[EM] STAR Challenge
Forest Simmons
forest.simmons21 at gmail.com
Mon Jun 27 16:21:51 PDT 2022
Let's start with a list L of candidates listed from top to bottom in order
of their score totals ... high scores listed above low scores
Initialize a second list L' with the the top member of L at its head.
Then incorporate the next member of L into L', above or below its initial
member depending on whether or not the new member of L' is scored above its
initial member on more ballots than not.
So far the list L' is the Score Then Automatic Runoff "STAR" finish order.
In general, while some member X of L can be incorporated into L' without
defeating any member of L' listed above it and without being defeated by
any member of L' listed below it, so incorporate the highest such X from L
into the list L'.
Then elect the candidate that ends up at the top of L'.
Example:
Suppose the score order list L is
S1
S2
S3
and that the pairwise defeats are
S3 defeats S2 defeats S1defeats S3.
Then L' is initialized as S1, and S2 is incorporated above S1. So far the
list L' is
S2
S1
Can S3 be incorporated?
Not at the head, because that would entail defeat by a lower listed
candidate S1.
Not at the middle or bottom because then it would defeat a candidate (S2)
listed above it.
So the completed list L' is
S2
S1
The head S2 is elected from the top of the list L'.
Since the method is independent from Smith dominated alternatives, and
since Smith is highly unlikely to have more than three members, we can
easily boil it down to three cases (barring unlikely ties):
I. Smith has one member: Then that member will be the head of L'.
II. The cyclic order counters the score order as in the above example. As
we have just seen, the Smith member with the 2nd highest score is elected
in this case.
III. The cyclic defeat order does not counter the score order.
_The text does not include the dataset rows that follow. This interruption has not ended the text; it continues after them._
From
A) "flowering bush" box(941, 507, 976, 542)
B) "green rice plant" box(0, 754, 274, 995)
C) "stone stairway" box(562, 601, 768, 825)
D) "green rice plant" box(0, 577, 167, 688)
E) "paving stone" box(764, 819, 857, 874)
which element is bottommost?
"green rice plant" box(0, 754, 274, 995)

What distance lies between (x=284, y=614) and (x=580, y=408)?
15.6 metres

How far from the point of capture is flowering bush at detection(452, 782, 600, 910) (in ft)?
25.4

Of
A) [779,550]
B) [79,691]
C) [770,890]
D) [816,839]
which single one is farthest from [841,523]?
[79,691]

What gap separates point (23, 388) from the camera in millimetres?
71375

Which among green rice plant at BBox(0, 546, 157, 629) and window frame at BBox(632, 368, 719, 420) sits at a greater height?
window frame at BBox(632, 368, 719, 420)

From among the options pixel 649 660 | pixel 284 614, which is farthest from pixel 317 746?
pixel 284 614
In this
case it is easy to see that the first two members of L' are S1 and S2, and
that S3 cannot be incorporated. So the head of L' is the score winner S1.
So we see that in public elections this (Banks!) method reduces to the
simple rule "Elect the lowest score candidate that defeats every higher
score candidate," which is another formulation of Score,Benham as well as
Ranked Pairs, River, and BeatPath,etc when defeat strength is measured by
winning score.
Which of these equivalent formulations will be easiest to sell?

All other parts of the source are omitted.